Avoid GIGO – three rules to keep your database clean and usable

In the late 1950s, US Army mathematicians coined the phrase “Garbage in, garbage out” (GIGO) when programming the world’s earliest computers.  The British equivalent – ‘Rubbish in, rubbish out” – is a well-known adage for anyone who works with a database. Fast forward more than half a century and unfortunately GIGO is still rife – and even more complicated given the huge volume of data we now manage and use in our daily working lives.

I know from experience how unwieldly a database can become if you don’t follow some simple rules to capture and categorise information in the right way.  At ToucanTech we’ve run more than 300 database clean-up, amalgamation and migration projects for schools in the UK and internationally – and although we’ve built mapping templates and scripts to make these data projects more efficient, there’s never a magic wand to instantly unpick a messy set of data.

But it’s also never too late to start following some good data practices!  Here are my top 3 rules – whether you’re managing a simple spreadsheet or a database software. Even if you don’t have time to sort out your legacy data, you can start following these rules for new data in your system.

Rule 1: Use unique IDs

Every person in your database should have a unique ID reference. If you want to add new information to someone’s database record (e.g. an import of updated contact details or email open rates) you want to be sure you’re appending the data to the right record – and the only sure-fire method is to match data using unique reference IDs.

Here’s a simple example of four individual records in a database. Imagine you’re creating a list of school parents for your termly newsletter. From the data below, can you ascertain if the two Li Jings and the two David Whites are the same person or different? You might be able to make an informed guess if you know your parent population, but there’s nothing in the data below to give you a categorical match.

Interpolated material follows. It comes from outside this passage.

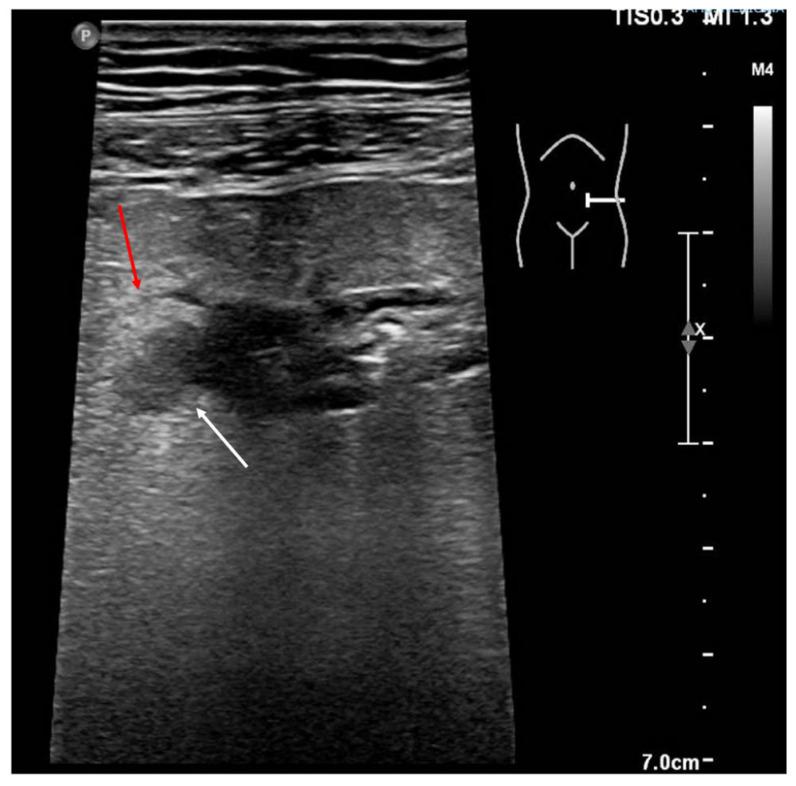 Figure 9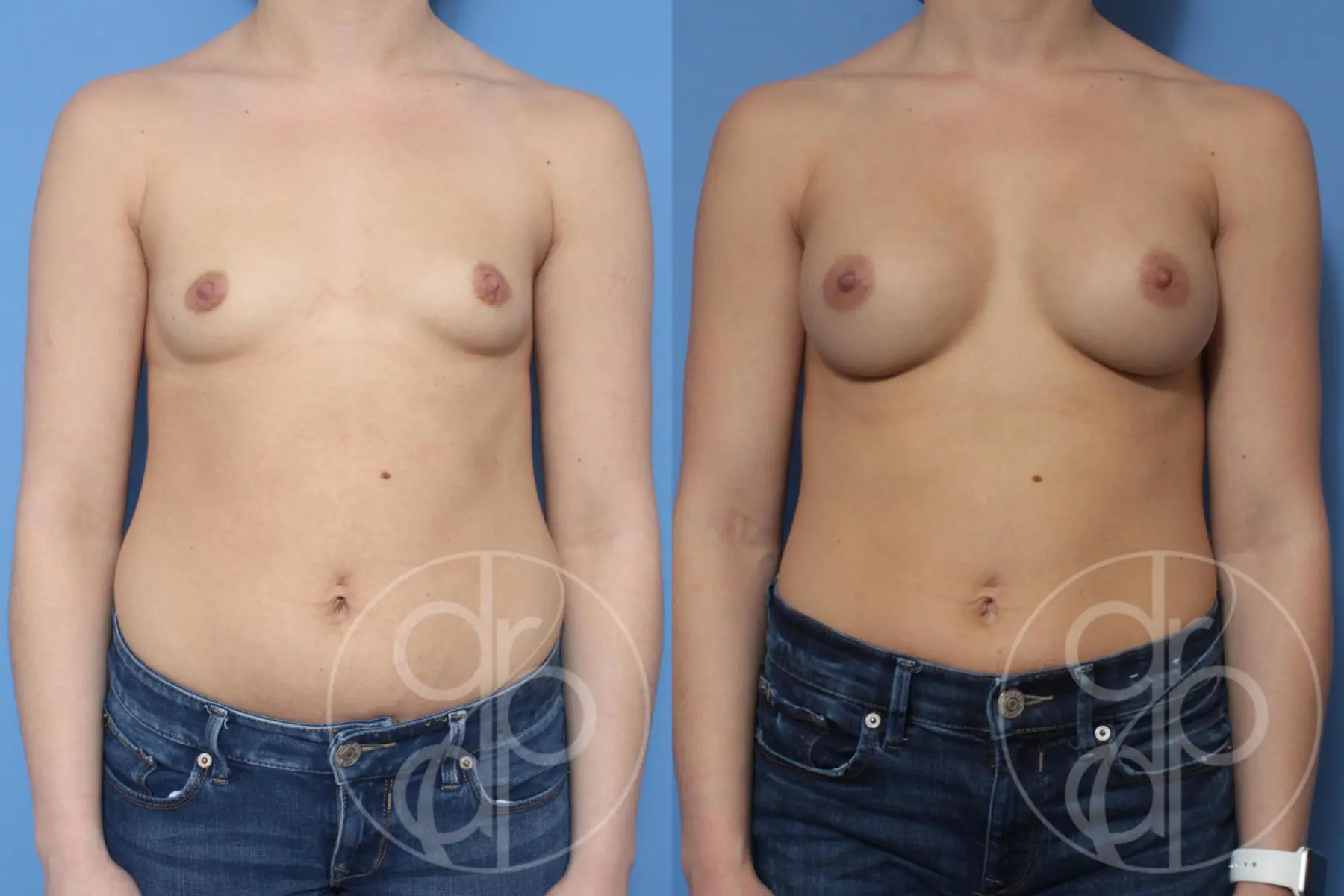 Patient 10444 breast augmentation before and after result - Before and After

If you add an ID number to each of the records you can see immediately that the two rows of data for Li Jing are stored with different ID numbers – meaning these are probably two different parents – whilst the two rows of data for David White share the same ID number, implying this is the same person.

When you’re creating a new record, or running a data import, it’s important to ensure individuals have unique IDs and that you only create one record for each person (no duplicates!) in your database.

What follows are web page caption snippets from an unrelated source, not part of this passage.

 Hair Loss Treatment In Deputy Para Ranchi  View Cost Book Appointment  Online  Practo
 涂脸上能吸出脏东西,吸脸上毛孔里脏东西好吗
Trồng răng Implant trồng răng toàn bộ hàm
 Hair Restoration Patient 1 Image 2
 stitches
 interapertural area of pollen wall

If you export data out of your database (e.g. to an Excel spreadsheet) to manage data for an activity like an event you must always include the unique IDs for each record so that when you import the data back in to your database the system can unambiguously match the new information to the existing database records.

Rule 2: Don’t embed records together

Sometimes it can seem quick to store family members or married couples together in one database record, but you can build up all sorts of data problems if you do this!  Joint records make it difficult to ascertain which bit of information refers to whom and you won’t have a unique ID for each person (see Rule 1 above!)

Here’s an example of a joint record to illustrate the difficulty of identifying which person each piece of information relates to:

In the GDPR era it’s even more important to store your data accurately.  If you’re capturing consent options, you need to know specifically which person has opted-in/ out – which can be difficult to track if individuals are grouped together in a record.

Rule 3: Create pick-lists

Validating data entry using pre-defined pick-lists is a smart way to future-proof your database long-term.  One of the biggest issues we’ve seen across school databases is the wide range of data entry applied by different team members at different times. Forcing people to use pick-lists as much as possible makes it more likely that information will be added in a consistent, fixed, format. This consistency is critical if you want to run search filters in the future and segment people according to specific criteria.

Here’s an example of two data fields – one with a fixed pick list and one with free text entry. The pick list forces you to select a consistent input (and is faster to enter) – you’ll be able to filter using these inputs in the future and easily group records together.  The free text enables you to write more context, but you won’t be able to filter or group this data in a quantified way for analysis or segmented communications in the future. We’d recommend selecting from a pick-list and then adding extra free-text info as a note.

Kate Jillings is the co-founder of ToucanTech, a community database and website software for schools. She’s passionate about providing a practical and beautiful product and helping schools to run effective marketing, fundraising, alumni and careers activities.